Provided information:
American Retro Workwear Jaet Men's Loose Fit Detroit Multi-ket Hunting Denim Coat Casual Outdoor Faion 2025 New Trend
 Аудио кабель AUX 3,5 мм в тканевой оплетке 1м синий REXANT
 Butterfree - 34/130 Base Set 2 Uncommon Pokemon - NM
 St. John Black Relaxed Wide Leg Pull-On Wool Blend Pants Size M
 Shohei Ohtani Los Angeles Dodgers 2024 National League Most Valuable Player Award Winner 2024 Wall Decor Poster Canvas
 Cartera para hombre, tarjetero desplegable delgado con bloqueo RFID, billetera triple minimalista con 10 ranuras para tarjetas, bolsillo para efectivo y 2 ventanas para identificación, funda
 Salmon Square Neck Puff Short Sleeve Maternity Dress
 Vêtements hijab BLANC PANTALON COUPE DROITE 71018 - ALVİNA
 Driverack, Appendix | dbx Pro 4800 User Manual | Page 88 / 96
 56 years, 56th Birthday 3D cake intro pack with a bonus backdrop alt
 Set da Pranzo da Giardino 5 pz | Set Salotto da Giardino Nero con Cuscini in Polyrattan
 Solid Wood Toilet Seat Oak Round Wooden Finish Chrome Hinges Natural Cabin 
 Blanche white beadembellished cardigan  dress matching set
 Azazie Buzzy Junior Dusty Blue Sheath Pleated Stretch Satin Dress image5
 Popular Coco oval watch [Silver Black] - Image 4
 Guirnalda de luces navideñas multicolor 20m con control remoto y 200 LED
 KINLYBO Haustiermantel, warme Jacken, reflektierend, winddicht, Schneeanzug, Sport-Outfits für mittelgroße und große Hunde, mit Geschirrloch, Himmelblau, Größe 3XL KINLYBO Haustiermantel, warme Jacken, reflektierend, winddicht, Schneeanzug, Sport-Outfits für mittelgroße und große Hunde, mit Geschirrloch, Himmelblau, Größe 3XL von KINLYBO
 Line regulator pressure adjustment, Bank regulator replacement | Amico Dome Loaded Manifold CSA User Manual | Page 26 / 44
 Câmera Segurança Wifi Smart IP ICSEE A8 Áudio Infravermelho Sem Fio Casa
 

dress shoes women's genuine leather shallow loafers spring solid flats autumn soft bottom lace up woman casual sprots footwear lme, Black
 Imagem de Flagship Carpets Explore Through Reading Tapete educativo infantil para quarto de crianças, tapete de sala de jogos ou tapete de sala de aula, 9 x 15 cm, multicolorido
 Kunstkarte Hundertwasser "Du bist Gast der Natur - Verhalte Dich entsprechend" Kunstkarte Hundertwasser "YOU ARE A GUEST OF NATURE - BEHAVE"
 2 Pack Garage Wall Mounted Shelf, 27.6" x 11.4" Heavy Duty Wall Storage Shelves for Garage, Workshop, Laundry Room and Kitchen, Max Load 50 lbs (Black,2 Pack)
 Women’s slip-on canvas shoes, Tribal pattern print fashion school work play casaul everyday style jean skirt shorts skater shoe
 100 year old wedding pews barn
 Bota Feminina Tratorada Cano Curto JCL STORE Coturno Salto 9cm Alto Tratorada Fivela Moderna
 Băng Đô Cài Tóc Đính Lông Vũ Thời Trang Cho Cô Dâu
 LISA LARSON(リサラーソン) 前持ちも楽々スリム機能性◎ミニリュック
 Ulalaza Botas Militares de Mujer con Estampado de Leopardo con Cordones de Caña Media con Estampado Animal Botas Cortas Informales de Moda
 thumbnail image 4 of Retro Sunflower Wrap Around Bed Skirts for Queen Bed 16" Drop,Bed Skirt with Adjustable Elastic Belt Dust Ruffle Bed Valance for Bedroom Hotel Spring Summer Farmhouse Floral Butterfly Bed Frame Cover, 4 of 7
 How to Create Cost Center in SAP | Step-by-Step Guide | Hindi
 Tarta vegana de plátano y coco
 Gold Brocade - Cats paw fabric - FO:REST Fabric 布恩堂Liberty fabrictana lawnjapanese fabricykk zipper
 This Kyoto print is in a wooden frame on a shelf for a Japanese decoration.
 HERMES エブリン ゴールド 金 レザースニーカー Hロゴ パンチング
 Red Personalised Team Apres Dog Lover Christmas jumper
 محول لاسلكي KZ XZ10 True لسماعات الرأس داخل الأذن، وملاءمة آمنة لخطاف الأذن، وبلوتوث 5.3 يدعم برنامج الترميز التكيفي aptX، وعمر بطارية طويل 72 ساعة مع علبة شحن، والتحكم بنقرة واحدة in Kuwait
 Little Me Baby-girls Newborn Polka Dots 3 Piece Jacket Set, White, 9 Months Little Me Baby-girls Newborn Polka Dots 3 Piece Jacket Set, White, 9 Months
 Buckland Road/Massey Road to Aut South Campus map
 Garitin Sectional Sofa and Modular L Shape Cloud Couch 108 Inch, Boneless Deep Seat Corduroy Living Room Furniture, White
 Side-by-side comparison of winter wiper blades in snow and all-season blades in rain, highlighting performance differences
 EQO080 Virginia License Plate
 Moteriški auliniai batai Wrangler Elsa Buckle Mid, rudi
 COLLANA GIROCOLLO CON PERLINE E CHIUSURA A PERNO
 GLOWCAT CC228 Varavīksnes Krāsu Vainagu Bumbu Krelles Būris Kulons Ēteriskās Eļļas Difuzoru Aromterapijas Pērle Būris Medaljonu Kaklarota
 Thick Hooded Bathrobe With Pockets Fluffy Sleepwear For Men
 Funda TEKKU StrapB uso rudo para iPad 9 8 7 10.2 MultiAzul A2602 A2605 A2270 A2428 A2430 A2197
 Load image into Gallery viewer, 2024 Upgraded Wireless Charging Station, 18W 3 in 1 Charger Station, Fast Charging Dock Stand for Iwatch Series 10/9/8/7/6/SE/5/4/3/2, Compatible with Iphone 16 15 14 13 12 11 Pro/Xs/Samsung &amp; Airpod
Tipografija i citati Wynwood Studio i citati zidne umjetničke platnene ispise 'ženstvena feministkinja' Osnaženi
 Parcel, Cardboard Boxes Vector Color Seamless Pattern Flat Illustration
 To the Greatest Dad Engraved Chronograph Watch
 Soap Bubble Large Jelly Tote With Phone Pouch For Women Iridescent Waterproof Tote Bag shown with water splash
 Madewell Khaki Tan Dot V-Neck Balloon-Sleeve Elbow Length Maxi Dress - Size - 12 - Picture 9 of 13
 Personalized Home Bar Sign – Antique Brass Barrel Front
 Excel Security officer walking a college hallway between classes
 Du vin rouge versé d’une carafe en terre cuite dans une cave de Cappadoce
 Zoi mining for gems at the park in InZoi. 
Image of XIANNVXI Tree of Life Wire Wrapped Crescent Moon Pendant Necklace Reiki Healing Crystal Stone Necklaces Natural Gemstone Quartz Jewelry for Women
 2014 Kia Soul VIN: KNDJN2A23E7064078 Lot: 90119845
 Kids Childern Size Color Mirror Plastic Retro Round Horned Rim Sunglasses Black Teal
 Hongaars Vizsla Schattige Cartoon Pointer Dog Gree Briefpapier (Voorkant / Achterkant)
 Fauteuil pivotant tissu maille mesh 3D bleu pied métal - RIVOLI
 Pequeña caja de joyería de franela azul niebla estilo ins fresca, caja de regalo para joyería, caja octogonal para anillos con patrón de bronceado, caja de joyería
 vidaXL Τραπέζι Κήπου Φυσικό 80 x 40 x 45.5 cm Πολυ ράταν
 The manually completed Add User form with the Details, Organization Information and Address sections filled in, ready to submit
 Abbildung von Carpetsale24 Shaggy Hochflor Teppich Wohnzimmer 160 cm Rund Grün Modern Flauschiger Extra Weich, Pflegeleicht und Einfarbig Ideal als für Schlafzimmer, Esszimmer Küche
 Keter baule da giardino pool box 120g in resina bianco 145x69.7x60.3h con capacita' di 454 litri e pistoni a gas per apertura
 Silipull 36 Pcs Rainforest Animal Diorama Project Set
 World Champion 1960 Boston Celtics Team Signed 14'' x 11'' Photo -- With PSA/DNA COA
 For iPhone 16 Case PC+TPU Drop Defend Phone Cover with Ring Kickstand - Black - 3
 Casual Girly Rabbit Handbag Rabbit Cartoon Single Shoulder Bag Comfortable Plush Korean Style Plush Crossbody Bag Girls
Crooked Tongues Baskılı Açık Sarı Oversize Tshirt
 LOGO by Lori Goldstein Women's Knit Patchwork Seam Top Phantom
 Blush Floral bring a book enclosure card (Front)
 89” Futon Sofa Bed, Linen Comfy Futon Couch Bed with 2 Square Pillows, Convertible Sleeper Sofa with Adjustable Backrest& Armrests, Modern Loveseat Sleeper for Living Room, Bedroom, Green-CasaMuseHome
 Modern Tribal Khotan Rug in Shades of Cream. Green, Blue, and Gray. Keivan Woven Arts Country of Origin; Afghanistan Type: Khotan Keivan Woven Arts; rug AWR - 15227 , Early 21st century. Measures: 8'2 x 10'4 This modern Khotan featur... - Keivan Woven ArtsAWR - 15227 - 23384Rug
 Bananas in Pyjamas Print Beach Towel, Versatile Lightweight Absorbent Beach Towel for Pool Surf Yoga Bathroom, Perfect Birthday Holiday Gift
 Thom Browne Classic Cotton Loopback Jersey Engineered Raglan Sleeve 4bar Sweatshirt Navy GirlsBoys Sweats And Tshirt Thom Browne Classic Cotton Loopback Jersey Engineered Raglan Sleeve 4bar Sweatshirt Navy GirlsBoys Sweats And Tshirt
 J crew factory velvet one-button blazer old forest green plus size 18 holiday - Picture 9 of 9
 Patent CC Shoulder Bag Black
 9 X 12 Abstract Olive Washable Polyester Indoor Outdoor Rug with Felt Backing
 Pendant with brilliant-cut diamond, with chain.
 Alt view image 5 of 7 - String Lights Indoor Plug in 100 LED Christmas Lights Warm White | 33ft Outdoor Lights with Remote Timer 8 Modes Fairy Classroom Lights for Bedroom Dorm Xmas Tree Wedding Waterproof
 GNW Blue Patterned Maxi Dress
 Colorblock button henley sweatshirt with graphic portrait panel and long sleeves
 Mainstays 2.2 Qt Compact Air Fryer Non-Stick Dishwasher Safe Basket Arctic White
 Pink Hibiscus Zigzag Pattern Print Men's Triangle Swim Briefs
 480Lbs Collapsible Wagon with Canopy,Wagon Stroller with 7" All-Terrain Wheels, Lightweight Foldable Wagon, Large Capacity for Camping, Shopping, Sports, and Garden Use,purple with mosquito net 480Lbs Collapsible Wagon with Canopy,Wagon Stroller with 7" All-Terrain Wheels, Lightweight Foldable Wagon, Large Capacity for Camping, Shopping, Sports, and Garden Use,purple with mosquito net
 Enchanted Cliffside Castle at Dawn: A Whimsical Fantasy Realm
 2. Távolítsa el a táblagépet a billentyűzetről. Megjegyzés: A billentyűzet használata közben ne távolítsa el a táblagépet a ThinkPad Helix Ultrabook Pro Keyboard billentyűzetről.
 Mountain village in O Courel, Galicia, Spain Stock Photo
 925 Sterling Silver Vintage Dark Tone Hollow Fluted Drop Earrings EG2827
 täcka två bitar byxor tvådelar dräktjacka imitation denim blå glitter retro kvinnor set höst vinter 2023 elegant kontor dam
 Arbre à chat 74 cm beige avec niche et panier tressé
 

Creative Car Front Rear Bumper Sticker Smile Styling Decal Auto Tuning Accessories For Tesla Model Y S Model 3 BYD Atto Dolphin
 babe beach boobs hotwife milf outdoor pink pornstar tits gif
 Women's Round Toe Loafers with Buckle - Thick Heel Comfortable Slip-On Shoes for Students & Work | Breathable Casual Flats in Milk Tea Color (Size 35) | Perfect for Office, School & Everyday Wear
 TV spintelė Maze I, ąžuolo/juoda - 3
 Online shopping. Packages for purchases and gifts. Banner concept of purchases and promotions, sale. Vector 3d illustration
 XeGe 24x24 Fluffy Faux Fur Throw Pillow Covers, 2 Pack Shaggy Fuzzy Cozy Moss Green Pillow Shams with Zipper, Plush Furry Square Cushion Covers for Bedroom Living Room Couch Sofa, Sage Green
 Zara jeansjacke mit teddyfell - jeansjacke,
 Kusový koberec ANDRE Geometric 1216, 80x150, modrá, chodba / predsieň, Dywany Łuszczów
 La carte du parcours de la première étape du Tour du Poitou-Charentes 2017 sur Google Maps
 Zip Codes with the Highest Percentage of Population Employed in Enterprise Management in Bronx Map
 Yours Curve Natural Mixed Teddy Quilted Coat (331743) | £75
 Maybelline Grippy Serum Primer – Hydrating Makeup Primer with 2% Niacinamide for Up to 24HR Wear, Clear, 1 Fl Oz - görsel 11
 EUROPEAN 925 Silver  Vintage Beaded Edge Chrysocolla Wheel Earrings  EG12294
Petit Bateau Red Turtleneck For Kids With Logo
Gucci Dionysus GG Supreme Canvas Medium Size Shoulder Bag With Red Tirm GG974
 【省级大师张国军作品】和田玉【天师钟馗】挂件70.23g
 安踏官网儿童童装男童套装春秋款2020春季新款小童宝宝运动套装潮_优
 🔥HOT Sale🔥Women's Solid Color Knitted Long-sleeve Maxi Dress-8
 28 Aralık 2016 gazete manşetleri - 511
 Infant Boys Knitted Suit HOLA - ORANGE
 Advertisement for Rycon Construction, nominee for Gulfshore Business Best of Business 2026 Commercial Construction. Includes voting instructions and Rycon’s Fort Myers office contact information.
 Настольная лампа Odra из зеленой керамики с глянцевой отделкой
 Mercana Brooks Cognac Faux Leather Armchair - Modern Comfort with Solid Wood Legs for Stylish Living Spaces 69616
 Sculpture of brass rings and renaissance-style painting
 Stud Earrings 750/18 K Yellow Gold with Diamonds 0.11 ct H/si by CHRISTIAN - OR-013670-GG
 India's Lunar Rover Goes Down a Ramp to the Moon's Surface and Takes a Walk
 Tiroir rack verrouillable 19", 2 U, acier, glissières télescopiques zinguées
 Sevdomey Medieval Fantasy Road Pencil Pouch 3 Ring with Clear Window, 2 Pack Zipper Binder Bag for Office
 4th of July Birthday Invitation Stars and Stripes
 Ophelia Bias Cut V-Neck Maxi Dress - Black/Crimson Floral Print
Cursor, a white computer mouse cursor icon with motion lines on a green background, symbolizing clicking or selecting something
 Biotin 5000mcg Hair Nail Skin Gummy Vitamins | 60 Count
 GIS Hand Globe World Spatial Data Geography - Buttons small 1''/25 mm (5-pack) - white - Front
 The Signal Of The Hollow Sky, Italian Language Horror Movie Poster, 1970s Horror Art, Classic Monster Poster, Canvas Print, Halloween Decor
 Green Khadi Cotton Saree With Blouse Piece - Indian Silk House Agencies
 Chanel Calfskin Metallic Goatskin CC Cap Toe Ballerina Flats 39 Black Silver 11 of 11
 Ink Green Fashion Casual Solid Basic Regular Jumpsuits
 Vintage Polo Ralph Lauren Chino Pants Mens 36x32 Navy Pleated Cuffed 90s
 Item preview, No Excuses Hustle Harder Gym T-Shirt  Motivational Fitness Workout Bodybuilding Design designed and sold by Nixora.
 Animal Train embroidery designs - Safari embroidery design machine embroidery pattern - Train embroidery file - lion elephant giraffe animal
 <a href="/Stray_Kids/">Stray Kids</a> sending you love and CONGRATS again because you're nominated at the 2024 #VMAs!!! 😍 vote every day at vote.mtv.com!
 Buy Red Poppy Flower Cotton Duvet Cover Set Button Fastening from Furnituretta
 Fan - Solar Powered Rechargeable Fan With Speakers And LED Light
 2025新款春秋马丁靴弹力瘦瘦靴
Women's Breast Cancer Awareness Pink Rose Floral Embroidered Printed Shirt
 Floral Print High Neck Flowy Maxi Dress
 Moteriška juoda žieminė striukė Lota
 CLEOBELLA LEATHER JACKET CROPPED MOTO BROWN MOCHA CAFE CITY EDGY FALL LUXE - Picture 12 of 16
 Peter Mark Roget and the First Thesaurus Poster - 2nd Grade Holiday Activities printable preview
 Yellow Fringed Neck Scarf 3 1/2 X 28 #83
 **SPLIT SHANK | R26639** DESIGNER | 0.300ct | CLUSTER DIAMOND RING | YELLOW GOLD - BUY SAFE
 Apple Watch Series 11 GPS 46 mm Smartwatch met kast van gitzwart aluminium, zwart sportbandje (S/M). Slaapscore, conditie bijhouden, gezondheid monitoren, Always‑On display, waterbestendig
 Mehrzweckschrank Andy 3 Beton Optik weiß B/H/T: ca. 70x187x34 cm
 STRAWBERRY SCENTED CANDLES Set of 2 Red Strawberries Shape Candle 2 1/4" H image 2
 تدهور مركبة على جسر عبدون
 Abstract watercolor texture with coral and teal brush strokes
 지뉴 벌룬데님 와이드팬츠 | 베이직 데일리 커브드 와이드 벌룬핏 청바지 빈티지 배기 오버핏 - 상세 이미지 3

Directions for this task:
Go through the listing above and return each line where the word "Vintage" occurs.

Your response:
 925 Sterling Silver Vintage Dark Tone Hollow Fluted Drop Earrings EG2827
 EUROPEAN 925 Silver  Vintage Beaded Edge Chrysocolla Wheel Earrings  EG12294
 Vintage Polo Ralph Lauren Chino Pants Mens 36x32 Navy Pleated Cuffed 90s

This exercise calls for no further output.